Geçen ay Avrupa Birliği devlet ve hükümet başkanları yasa dışı göç sorunuyla ilgili bir araya geldiler. Toplantı, Akdeniz’de derme çatma teknelerle Libya’dan İtalya’ya ulaşmaya çalışan göçmenlerin dramının ardından gerçekleşti. Tek bir olayda hayatını kaybedenlerin sayısı 700 civarındaydı. Üstelik bir milyon kişi de Avrupa’ya ulaşmak için Libya sahillerinde bekliyordu.
Avrupa’yı cazibe merkezi haline getiren bir dizi neden var. Daha iyi bir hayat kurma umudu en başta geliyor. Bu ülkelerdeki yaşlanma, demografik değişim işgücü ihtiyacını artırıyor. Göçmenler ise “çağdaş köleler” olarak hizmet vermeye hazırlar. Yine göçmenler için cazip sayılabilecek politikalar ile yetersiz denetimlerden de sıkça söz ediliyor.
Neden yasa dışı göç?
İnsanların hayatlarını tehlikeye atarak, yollara düşmesinin bir dizi itici nedeni var. Hızlı nüfus artışı, iklim değişikliği, politik baskılar, yolsuzluk, yoksulluk, kötü yönetim, iç savaş, çatışma, güvenlik gibi. Sebebi her ne olursa olsun, sonuçta ciddi bir insanlık trajedisinden söz ediyoruz.
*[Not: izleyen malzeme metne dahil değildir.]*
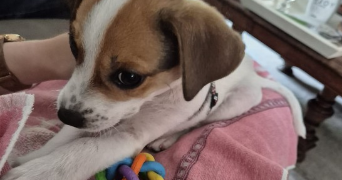 pauline pet sitter à ANGERS 49100_3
Bugünlerde insani trajediyi artıran, Avrupa Birliği’ni kara kara düşündüren Afrika-Libya-İtalya/Fransa rotası. Libya dikkatinizi çekmiş olmalı. Arap Baharı sırasında Avrupa ve ABD Libya’da devleti yerine de yenisini kuramadılar.
Ülke, jeopolitiği, doğal kaynakları yüzünden çeşitli devlet ve devlet dışı aktörün mücadele arenası haline geldi. ABD Büyükelçisi’nin öldürülmesi ise dönüm noktası oldu. Libya, bir anlamda, kendi haline bırakıldı. Böyle olunca ortaya çıkan boşluğu insan kaçakçıları, radikal gruplar doldurmaya başladı. Devlet otoritesinin olmaması, Afrika’dan Libya’ya oradan Avrupa’ya ulaşmayı kolaylaştırdı. Aynı zamanda Libyalıları da yasa dışı göçün potansiyel müşterileri haline getirdi. Libya, sadece yasa dışı göçmenler için değil radikal gruplar için de toplanma bölgesi haline geldi. Tabii ki AB’ye geçmek için.
Son toplantıda olduğu üzere, AB liderleri genelde kitlesel ölümle sonuçlanan büyük trajediler ya da önemli terör saldırılarından sonra harekete geçebiliyorlar. Nitekim Ekim 2013’te İtalya’nın Lampedusa adası yakınlarında tek bir kazada 366 göçmen hayatını kaybetti ve AB yetkilileri ellerini taşına altına koyabildiler. Açık denizde göçmenleri kurtarma operasyonu başlattılar. Sonuçta sadece o yıl, 170 bin mülteci denizden toplandı. İtalya’nın savaş gemileriyle yürüttüğü bu operasyona, pahalı olduğu ve mültecileri cesaretlendirdiği ileri sürülerek, Ekim 2014’te son verildi. Toplam 117 milyon euro harcamıştı. BM Mülteciler Yüksek Komiserliği’nin açıklamasına göre, hayatı kurtarılan her göçmenin maliyeti 500 dolardı.
Uygulama kısa sürede, açık denizlerden kıyıya gelinceye kadar hayatta kalmayı başarmış olanları, başka bir ifadeyle “ceset” toplamayı hedefleyen Sahil Güvenlik operasyonuna dönüştü.
Son toplantı, Akdeniz’de daha fazla savaş gemisi bulundurmayı, insan kaçakçılığıyla mücadele etmeyi istihbarat ve polisiye işbirliğini artırmayı hedefliyor. Bu arada kaçakçılıkta kullanılan deniz vasıtalarının da önceden belirlenerek yok edilecek. Öte yandan, göçmenlerin çıkış ve transit ülkelerden akışının kesilmesi hedefleniyor. Ayrıca birlik içindeki farklı anlayış ve yaklaşımları da ortadan kaldırmanın yolları aranıyor. Bütün bunlar iyi de, sorun, AB’nin etrafında işbirliği yapılacak, önceliği yasa dışı göç olan, elle tutulur devlet bulamamak. Devlet olmayınca öneriler de havada kalıyor.